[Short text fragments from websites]
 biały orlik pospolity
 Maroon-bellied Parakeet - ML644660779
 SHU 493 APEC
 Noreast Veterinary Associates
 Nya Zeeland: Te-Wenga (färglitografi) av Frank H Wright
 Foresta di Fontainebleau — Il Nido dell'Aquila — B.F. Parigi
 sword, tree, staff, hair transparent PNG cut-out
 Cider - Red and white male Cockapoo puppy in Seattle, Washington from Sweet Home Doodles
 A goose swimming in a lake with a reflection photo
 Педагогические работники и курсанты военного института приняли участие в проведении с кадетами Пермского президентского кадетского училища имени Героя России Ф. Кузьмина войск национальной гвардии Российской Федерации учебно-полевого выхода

§ Exercise description: What do the records say? Quote them all exactly.

§ Response to this task:
 biały orlik pospolity
 Maroon-bellied Parakeet - ML644660779
 SHU 493 APEC
 Noreast Veterinary Associates
 Nya Zeeland: Te-Wenga (färglitografi) av Frank H Wright
 Foresta di Fontainebleau — Il Nido dell'Aquila — B.F. Parigi
 sword, tree, staff, hair transparent PNG cut-out
 Cider - Red and white male Cockapoo puppy in Seattle, Washington from Sweet Home Doodles
 A goose swimming in a lake with a reflection photo
 Педагогические работники и курсанты военного института приняли участие в проведении с кадетами Пермского президентского кадетского училища имени Героя России Ф. Кузьмина войск национальной гвардии Российской Федерации учебно-полевого выхода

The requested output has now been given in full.